We use a combination of cash and equity compensation to attract and retain candidates to serve on our board of directors. The following table summarizes the total compensation earned by each of our non-employee directors for the year ended December 31, 2009. The director compensation of our Chief Executive Officer and Chief Financial Officer is disclosed under “Summary Compensation Table.”

 

Name

   Fees Earned or
Paid in Cash
($)
    Stock  Awards
($)
    Option  Awards(1)
($)
     All other
Compensation
($)
    Total
($)
 

George R. Elliott

     43,474 (2)      —          34,942         —          78,416   

John S. Hodgson

     10,015        —          28,988         —          39,003   

Samuel R. Szteinbaum

     17,333        —          23,295         —          40,628   

Geoff Shingles(3)

     45,839 (2)      22,330 (4)      —           41,553 (5)      109,722   

 

(1) Reflects the aggregate grant date fair value of option awards for option awards, computed in accordance with FASB’s Accounting Standard Codification Topic 718, Compensation—Stock Compensation (formerly Statement of Financial Accounting Standards No.123R), granted in 2009. We calculated the estimated fair value of each option award on the date of grant using a Black-Scholes option pricing model. The weighted averages of the assumptions used during 2009 were: risk-free interest rate of 2.6%; expected term of 6.25 years; no expected dividend yield; and expected volatility of 52%. Our computation of expected volatility was based on an average volatility of a peer group of publicly-traded companies. This peer group was selected based on criteria including similar industry, life cycle, revenue and market capitalization. We determined the expected term of options granted utilizing the “simplified” method as prescribed by Staff Accounting Bulletin No. 107, Share-Based Payment, of the Securities and Exchange Commission. The interest rate for periods within the contractual term of the award is based on the U.S. Treasury yield curve in effect at the time of grant. As of December 31, 2009, the following non-employee directors held options to purchase the following numbers of shares: Mr. Elliot, 360,000; Mr. Hodgson, 255,000; and Mr. Szteinbaum, 240,000. Options exercisable within 60 days of September 30, 2010 are included in the “Principal and Selling Stockholders” table below. As of December 31, 2009, Mr. Shingles did not hold any options.
(2) Fees received by Mr. Elliott and Mr. Shingles were paid in British pound sterling. The amounts above reflect a conversion rate of 0.628 British pound sterling to $1.00 U.S. dollar, the average rate on December 31, 2009.
(3) Mr. Shingles resigned from our board of directors in April 2009.
(4) Reflects the grant of 77,000 shares of fully-vested stock awards on July 13, 2009, computed in accordance with FASB’s Accounting Standard Codification Topic 718, Compensation—Stock Compensation (formerly Statement of Financial Accounting Standards No.123R), granted in 2009.
(5) Upon his resignation, Mr. Shingles was paid severance fees in the amount of $41,553.

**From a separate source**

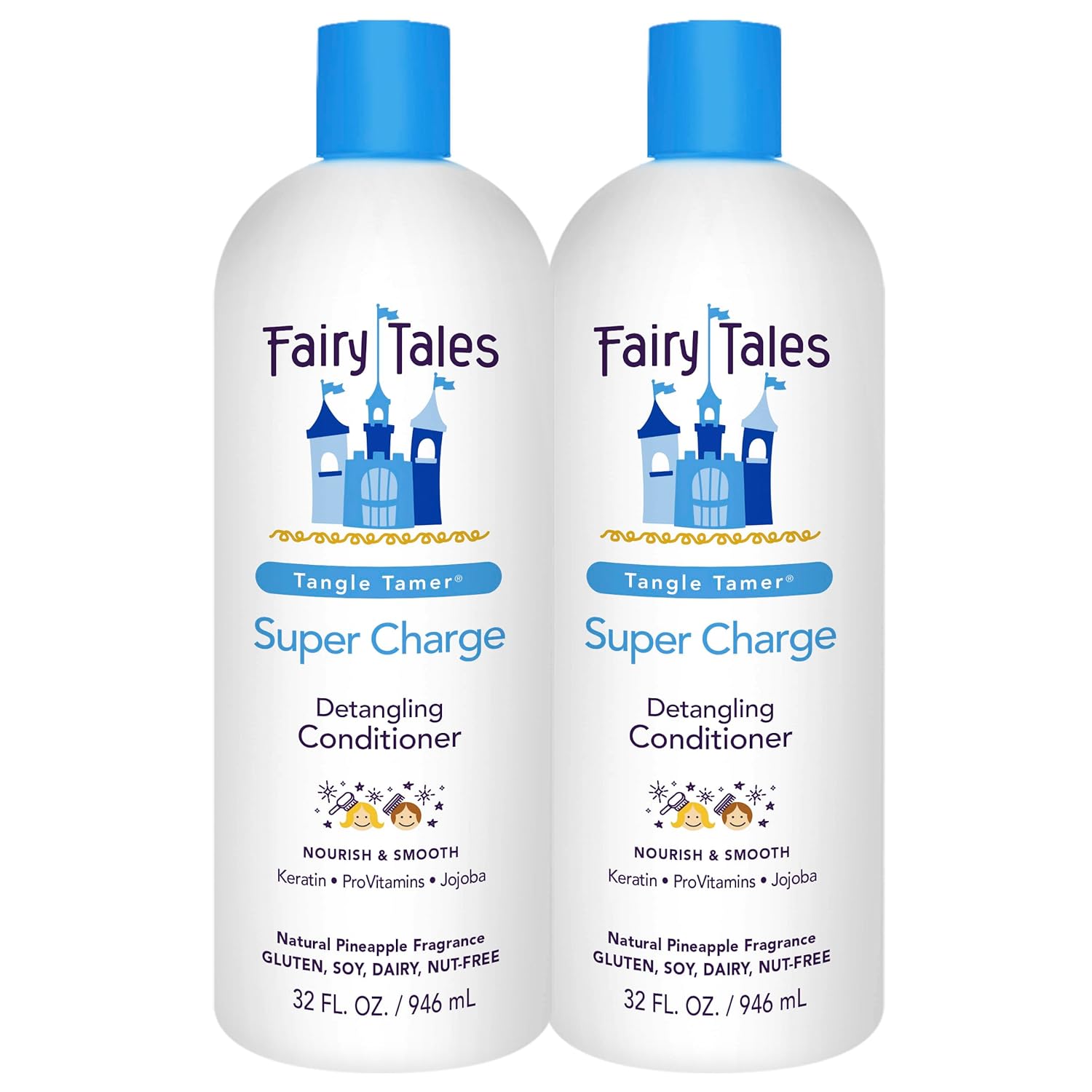 Fairy Tales Tangle Tamer Super Charge Detangling Conditioner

In 2009, our non-employee director compensation was as follows. Mr. Shingles was entitled to a cash retainer of $111,465 per year for serving as the Chairman of our board of directors. In April 2009, Mr. Shingles resigned from our board of directors. Mr. Elliot was entitled to a cash retainer of $47,771 per year for serving as a director and $7,962 per year for serving on the audit committee. In April 2009, Mr. Elliott became our Chairman and his annual retainer was adjusted to $79,618 per year. All amounts paid to Mr. Elliott and Mr. Shingles are paid in British pound sterling. We have converted these amounts into U.S. dollars based on a conversion rate of 0.628 British pound sterling to $1.00 U.S. dollar, the average rate on December 31, 2009. Mr. Szteinbaum and Mr. Hodgson were each entitled to cash fees of $60,000 per year and $10,000 for serving as a committee chairman (pro rated in the case of Mr. Szteinbaum who joined the board of directors in April 2009). In March 2009, all director fees were reduced by 20% consistent with salary reductions for our executive officers. In August 2009, the reduction in fees was reversed. In connection with the reduction in annual retainer fees, 50% of the cash retainer for each non-employee director was converted into an option to purchase our common stock. In addition, Mr. Hodgson elected to receive all of his cash retainer above $10,000 in options to purchase our common stock.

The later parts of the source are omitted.